Peg Alexander

I am Peg, Nicks youngest sibling. 14 years younger than him.

Because Nick went to boarding school, I’m not sure if we ever lived together – or if we did it was only when I was a baby.

So I have no concept of Nick as a child. But to be fair I have no concept of most of my siblings as children or teenagers, I’ve only really known them as adults. That’s what happens in big families.

So I only knew Nick like most of you will have. As the caring, thoughtful, busy, creative adult he was. In some ways, he was more like a father figure or an uncle than a brother – until much later in life.

So when we did really get to know each other it was as adults. Nick played a role in my life that no-one else ever has. And I cant tell you all how much I miss it, and how much I wish I had realised that more when he was here. But I also think I played a the same role back to Nick.

And that role was that we talked a lot, actually mainly, about our fundamental political and philosophical beliefs. Not about policies, or issues - I talk to everyone about that. But about the fundamentals.

What we believe. Why we believed it. How does that translate. Are those beliefs changing? Trying to make sense of them together. In fact, that’s even what we did on the day that Nick decided to end his treatment.

I was one of the last to get to him and we had about 20 minutes talking on our own. And much of it was just that. XR had just announced a change in tactics. We talked about that, about the future of the planet and the human race, about how he felt that he would be missing finding out what happens. We talked about the challenge of people to understand the scale of the crisis facing us and how to help them face up to it. And of course we talked about death.

This all goes back to I think Nick actually being one of the first in the family to truly see me as an adult.

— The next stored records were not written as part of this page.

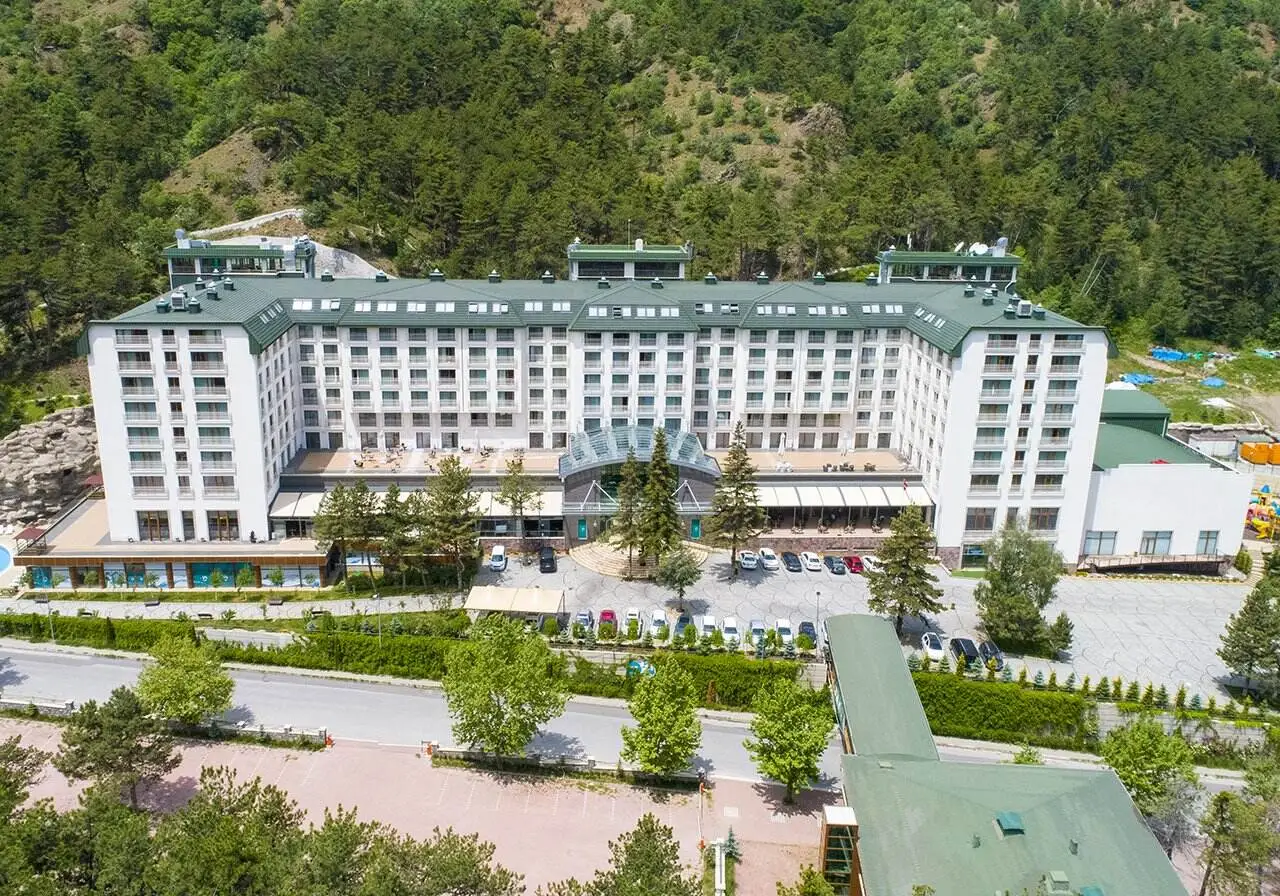 Çam Hotel Hakkında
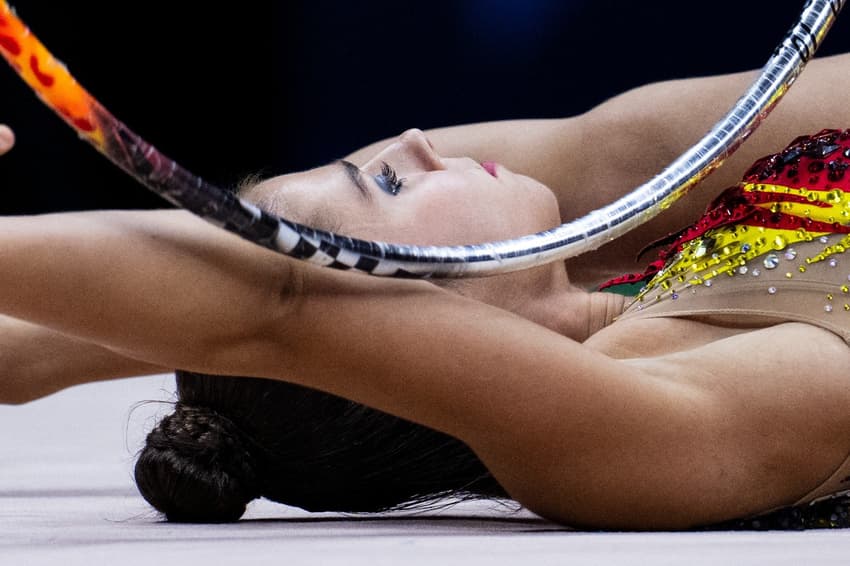 Fanni Pigniczki tem collant e arco inspirados em Ayrton Senna (Foto: Ivan Carvalho / CBG)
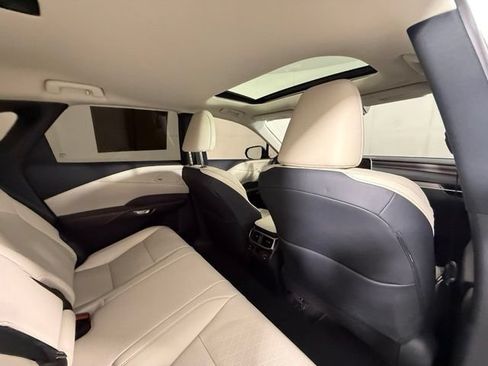 Used 2024 Lexus RX 350 w/ Accessory Package (Z1) AWD/4WD image 31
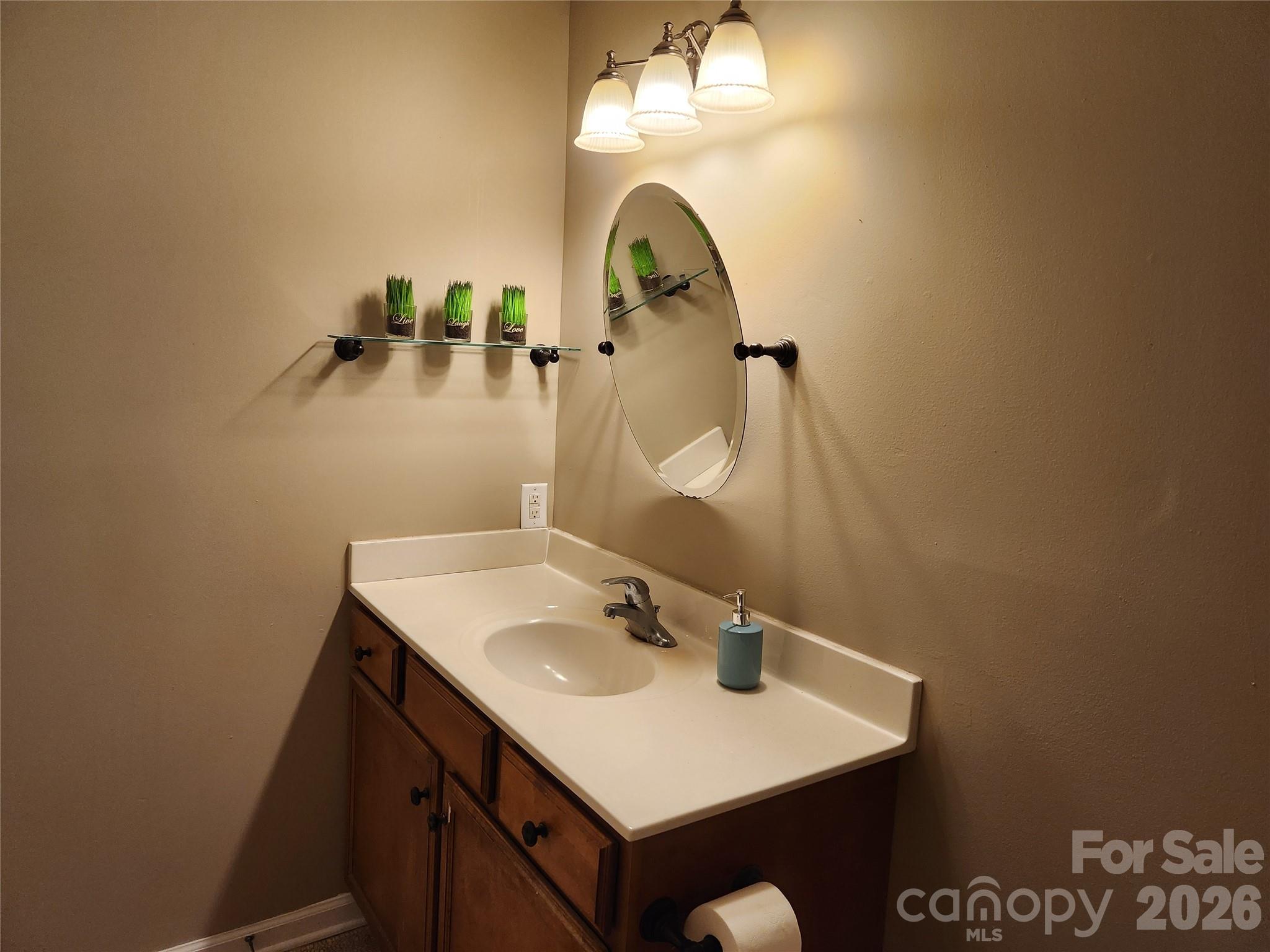 1404 W Mauney Avenue Property Photo 10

As a student in London, I joined the Green Party. When I read their full manifesto with its Philosophical Basis it was like a light shining on me for the first time. I understood how I felt about the world for the first time. And Nick I think was actually the only person outside of a group of student greens who got it. The ideas I was talking about were just seen as too radical at that time.

But it was Nick Who asked me about that, who understood, who wanted to know more. I know our endless conversations about how green politics was different, what it means, why we believed it, why (as I really believe) that other political party’s cant be green because it’s a political philosophy. And I know those discussions will have been at the heart of influencing him to join the party too. It was wonderful. I was no longer alone.

I would go on to hold the equivalent of leader in my mid 20s, and various other senior national posts in the party. But Nick would end up being the activist much longer than me, after I gave up.

When I moved into journalism and interviewing people which is what I do now, I’ve never lost that idea that political discussion should be about values and beliefs and I for several years when all TV political discussion was macho and aggressive, I hosted non confrontational political and news discussion TV and radio shows which tried to get under issues.

Me and Nick were always talking about pitching shows to national networks to do this – to get down to values and beliefs, not policies and he supported me in trying to get the networks to pick this up at a time when it was seen as a crazy idea. But we kept talking about the need for this and so I will never give up. If I ever do get another show doing this I know Nick will be feeding me the line or inspiration – whether from somewhere he is not, or just because he has so inspired me to this point.

Getting back to the greeneness tho, after he died I needed to try and put into a few words what that basic political difference and philosophy is without getting into specific policies such as economic policy – which is obviously totally different.

And at the end, I came to the conclusion it’s this. That everything is connected and that we need politics that understands this and starts there. We are all connected. In this room. On this planet. We are connected to the very earth and ground we live on and to all other things that live on it. We as humans – and everything else that lives – are all part of an ecosystem – not just in environmental terms but as part of a whole system of life on this planet. We should all share and benefit from the ecosystem. We need to understand the impact of one action on other actions. Because within an ecosystem you cannot see anything in isolation. You add something in – or take something out - and it changes. Something in this room we all know.

Its not just about the now in time. As you’ll all know, green philosophy talks a lot about the future. But I also think its about the past too.

Whether you believe in life after death or not isn’t the point. Nick is still here. In the ways he influenced us. In the conversations we had with him that made us think or made or laugh or frustrated us or made us feel valued. Nick’s input to the world was probably wider than for many people. He is still part of our ecosystem and I bloody miss him so much.